Since the Second World War there has been a UK hegemony which maintained a UK-wide social infrastructure based on UK-wide pay and terms and conditions as a consequence of national pay bargaining. This and the UK-wide benefits system and social legislation has ensured a consistent redistribution of wealth from richer to poorer areas of the United Kingdom. What the Tories and Lib Dems are doing is destroying this and unravelling the very social structure that has given purpose to the United Kingdom.
The impact of these policies will be disastrous on Wales and poorer parts of England. Once people fully understand what is happening and the impact of these policies begins to take effect on top of the public spending cuts, I believe we will see a growth of public and industrial protest and massive civil unrest. The Poll Tax riots will be nothing compared to the consequences of these policies. Industrial Action and Civil Disobedience is a potent combination.

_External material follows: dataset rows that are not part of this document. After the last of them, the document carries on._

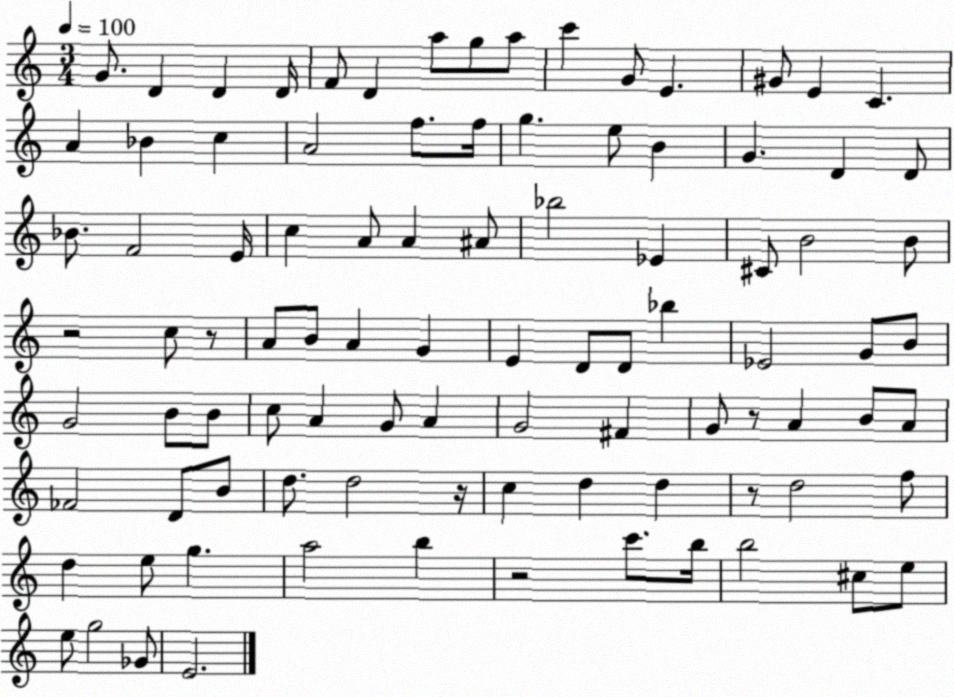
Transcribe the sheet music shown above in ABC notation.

X:1
T:Untitled
M:3/4
L:1/4
K:C
G/2 D D D/4 F/2 D a/2 g/2 a/2 c' G/2 E ^G/2 E C A _B c A2 f/2 f/4 g e/2 B G D D/2 _B/2 F2 E/4 c A/2 A ^A/2 _b2 _E ^C/2 B2 B/2 z2 c/2 z/2 A/2 B/2 A G E D/2 D/2 _b _E2 G/2 B/2 G2 B/2 B/2 c/2 A G/2 A G2 ^F G/2 z/2 A B/2 A/2 _F2 D/2 B/2 d/2 d2 z/4 c d d z/2 d2 f/2 d e/2 g a2 b z2 c'/2 b/4 b2 ^c/2 e/2 e/2 g2 _G/2 E2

Another consequence will be the increased constitutional fragmentation of the UK.
I don’t wish to scaremonger, but these policies frighten me. They are a direct assault on our social fabric and will lead to the institutionalisation of regional poverty. These policies exceed the fulfilment of Margaret Thatcher’s dream of a competitive UK economy based on low wages and minimal terms and conditions. Even she wasn’t prepared to consider policies which could lead to the break up of Britain.